***** Material for this exercise *****
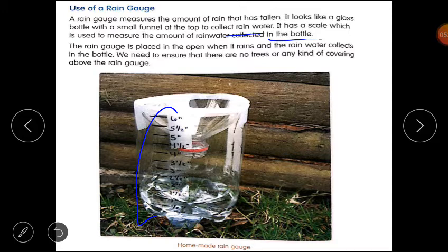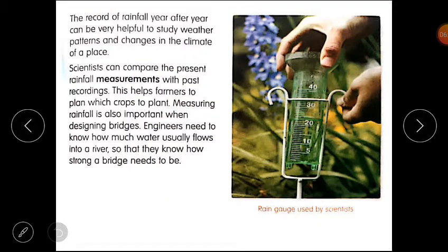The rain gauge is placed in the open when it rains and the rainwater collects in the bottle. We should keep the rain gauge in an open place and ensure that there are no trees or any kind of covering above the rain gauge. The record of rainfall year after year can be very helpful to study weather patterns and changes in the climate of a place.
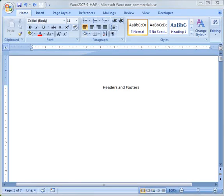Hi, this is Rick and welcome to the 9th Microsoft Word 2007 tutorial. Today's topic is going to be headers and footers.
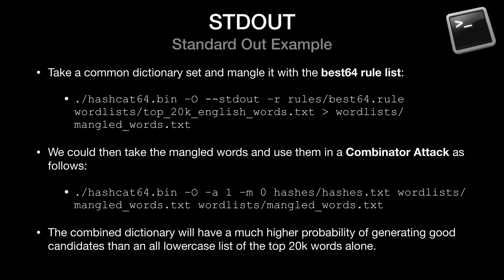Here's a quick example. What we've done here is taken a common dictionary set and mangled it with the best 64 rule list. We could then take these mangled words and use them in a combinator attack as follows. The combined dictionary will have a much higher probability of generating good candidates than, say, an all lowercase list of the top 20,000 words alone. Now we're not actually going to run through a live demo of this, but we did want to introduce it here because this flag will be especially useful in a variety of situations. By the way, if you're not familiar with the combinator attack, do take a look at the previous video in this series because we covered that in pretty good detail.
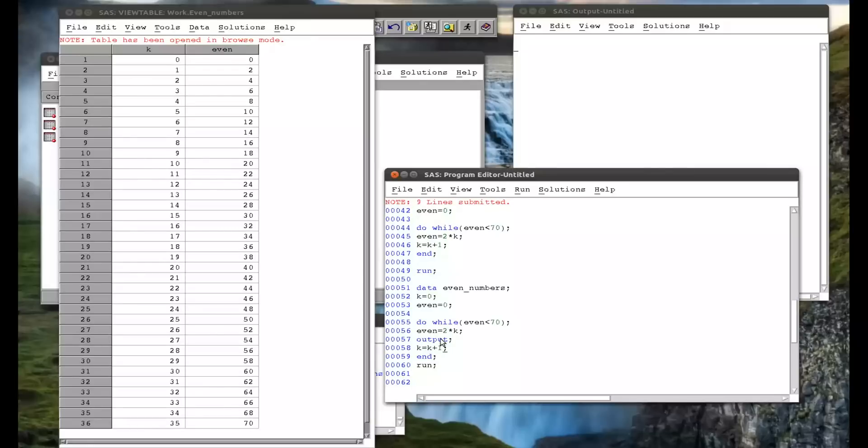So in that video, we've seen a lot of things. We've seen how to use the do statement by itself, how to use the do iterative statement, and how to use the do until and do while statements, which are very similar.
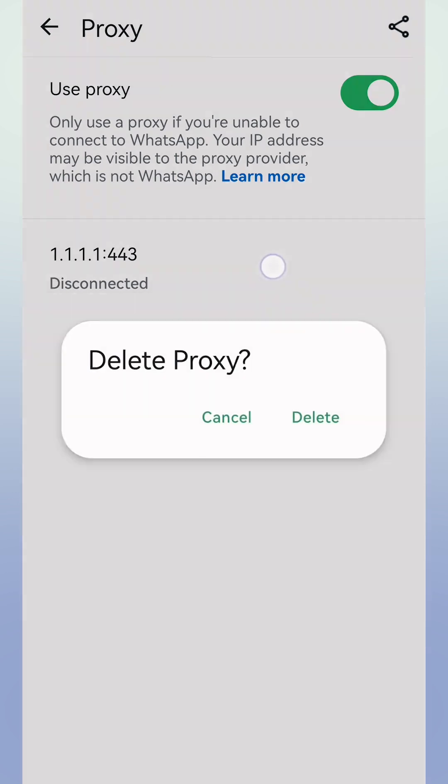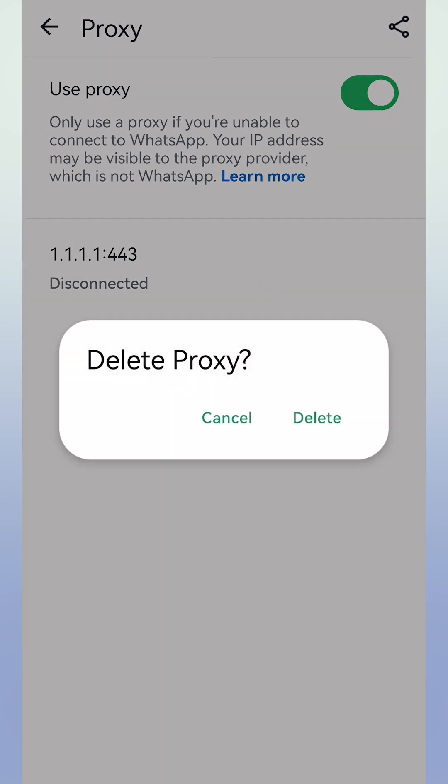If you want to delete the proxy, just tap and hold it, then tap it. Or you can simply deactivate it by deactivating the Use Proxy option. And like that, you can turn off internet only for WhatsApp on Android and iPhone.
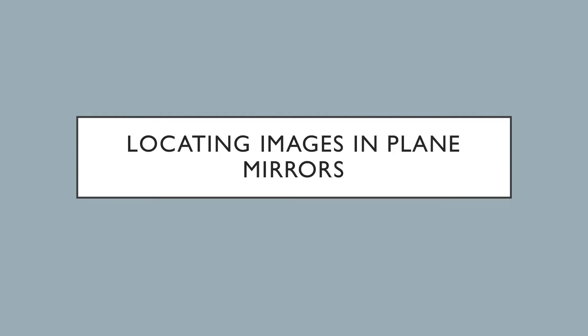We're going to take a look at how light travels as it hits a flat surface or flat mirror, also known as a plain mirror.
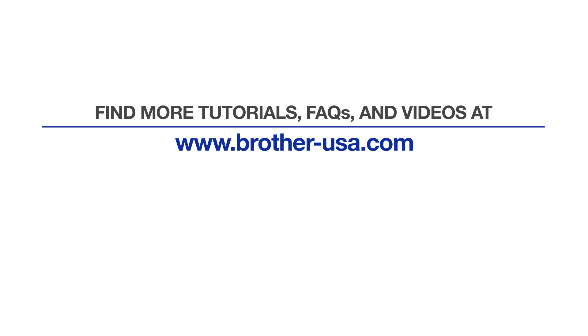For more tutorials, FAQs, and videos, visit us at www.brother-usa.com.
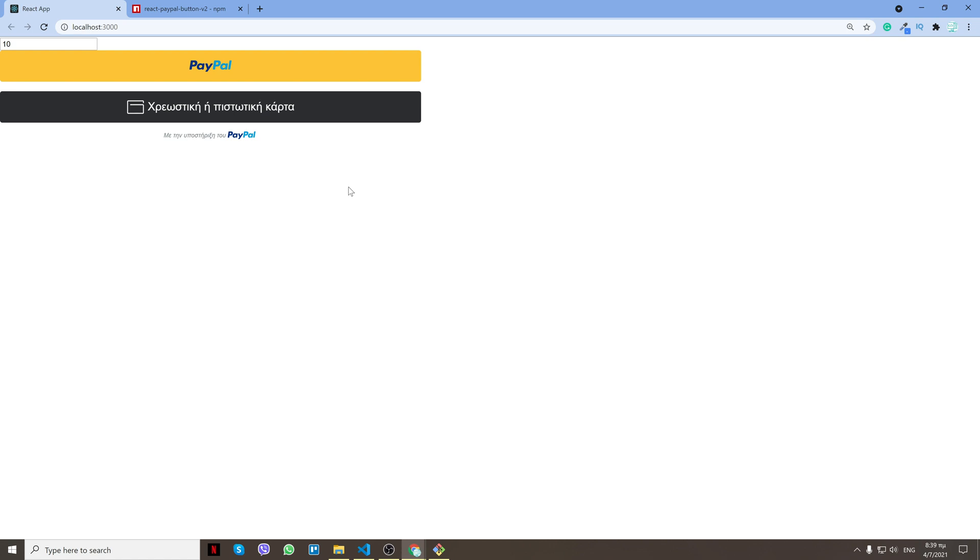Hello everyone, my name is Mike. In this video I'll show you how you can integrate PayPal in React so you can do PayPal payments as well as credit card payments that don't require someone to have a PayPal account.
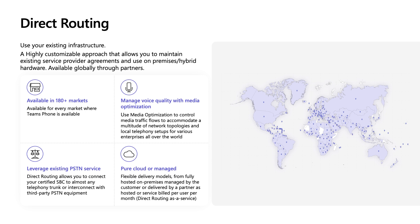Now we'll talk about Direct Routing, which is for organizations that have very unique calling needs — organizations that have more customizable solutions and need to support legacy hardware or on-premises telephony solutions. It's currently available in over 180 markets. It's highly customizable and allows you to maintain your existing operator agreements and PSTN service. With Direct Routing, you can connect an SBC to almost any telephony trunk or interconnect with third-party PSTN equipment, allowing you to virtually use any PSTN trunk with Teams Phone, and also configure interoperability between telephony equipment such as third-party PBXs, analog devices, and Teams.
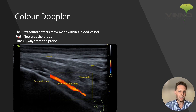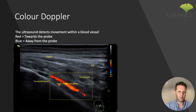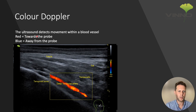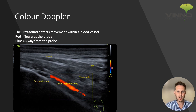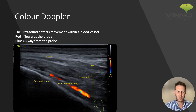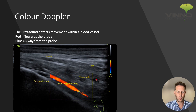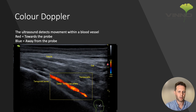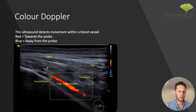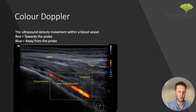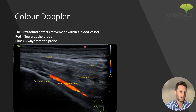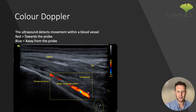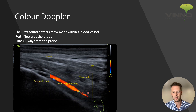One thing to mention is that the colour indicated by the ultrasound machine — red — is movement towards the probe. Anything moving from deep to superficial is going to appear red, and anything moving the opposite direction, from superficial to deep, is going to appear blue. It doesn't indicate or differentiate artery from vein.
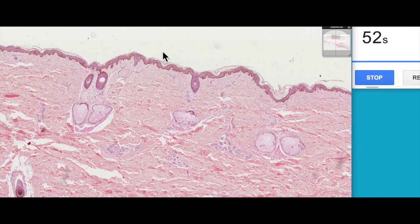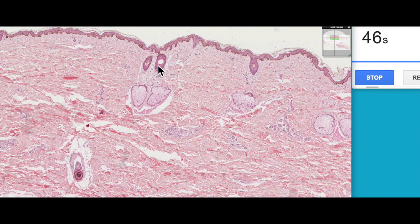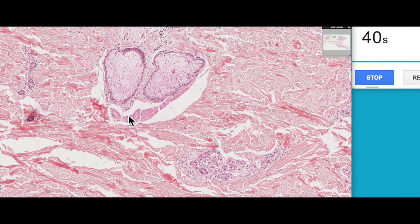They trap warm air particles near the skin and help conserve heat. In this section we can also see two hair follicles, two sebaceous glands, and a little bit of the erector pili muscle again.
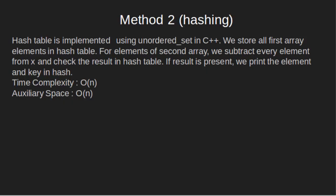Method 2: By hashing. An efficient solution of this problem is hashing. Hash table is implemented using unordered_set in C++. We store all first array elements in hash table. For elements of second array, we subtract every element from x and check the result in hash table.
*****
◆ Exercise brief
The listing is to be repeated exactly, with its pictures removed.

◆ Solution to the exercise
The rain gauge is placed in the open when it rains and the rainwater collects in the bottle. We should keep the rain gauge in an open place and ensure that there are no trees or any kind of covering above the rain gauge. The record of rainfall year after year can be very helpful to study weather patterns and changes in the climate of a place.
Hi, this is Rick and welcome to the 9th Microsoft Word 2007 tutorial. Today's topic is going to be headers and footers.
Here's a quick example. What we've done here is taken a common dictionary set and mangled it with the best 64 rule list. We could then take these mangled words and use them in a combinator attack as follows. The combined dictionary will have a much higher probability of generating good candidates than, say, an all lowercase list of the top 20,000 words alone. Now we're not actually going to run through a live demo of this, but we did want to introduce it here because this flag will be especially useful in a variety of situations. By the way, if you're not familiar with the combinator attack, do take a look at the previous video in this series because we covered that in pretty good detail.
So in that video, we've seen a lot of things. We've seen how to use the do statement by itself, how to use the do iterative statement, and how to use the do until and do while statements, which are very similar.
If you want to delete the proxy, just tap and hold it, then tap it. Or you can simply deactivate it by deactivating the Use Proxy option. And like that, you can turn off internet only for WhatsApp on Android and iPhone.
We're going to take a look at how light travels as it hits a flat surface or flat mirror, also known as a plain mirror.
For more tutorials, FAQs, and videos, visit us at www.brother-usa.com.
Hello everyone, my name is Mike. In this video I'll show you how you can integrate PayPal in React so you can do PayPal payments as well as credit card payments that don't require someone to have a PayPal account.
Now we'll talk about Direct Routing, which is for organizations that have very unique calling needs — organizations that have more customizable solutions and need to support legacy hardware or on-premises telephony solutions. It's currently available in over 180 markets. It's highly customizable and allows you to maintain your existing operator agreements and PSTN service. With Direct Routing, you can connect an SBC to almost any telephony trunk or interconnect with third-party PSTN equipment, allowing you to virtually use any PSTN trunk with Teams Phone, and also configure interoperability between telephony equipment such as third-party PBXs, analog devices, and Teams.
One thing to mention is that the colour indicated by the ultrasound machine — red — is movement towards the probe. Anything moving from deep to superficial is going to appear red, and anything moving the opposite direction, from superficial to deep, is going to appear blue. It doesn't indicate or differentiate artery from vein.
They trap warm air particles near the skin and help conserve heat. In this section we can also see two hair follicles, two sebaceous glands, and a little bit of the erector pili muscle again.
Method 2: By hashing. An efficient solution of this problem is hashing. Hash table is implemented using unordered_set in C++. We store all first array elements in hash table. For elements of second array, we subtract every element from x and check the result in hash table.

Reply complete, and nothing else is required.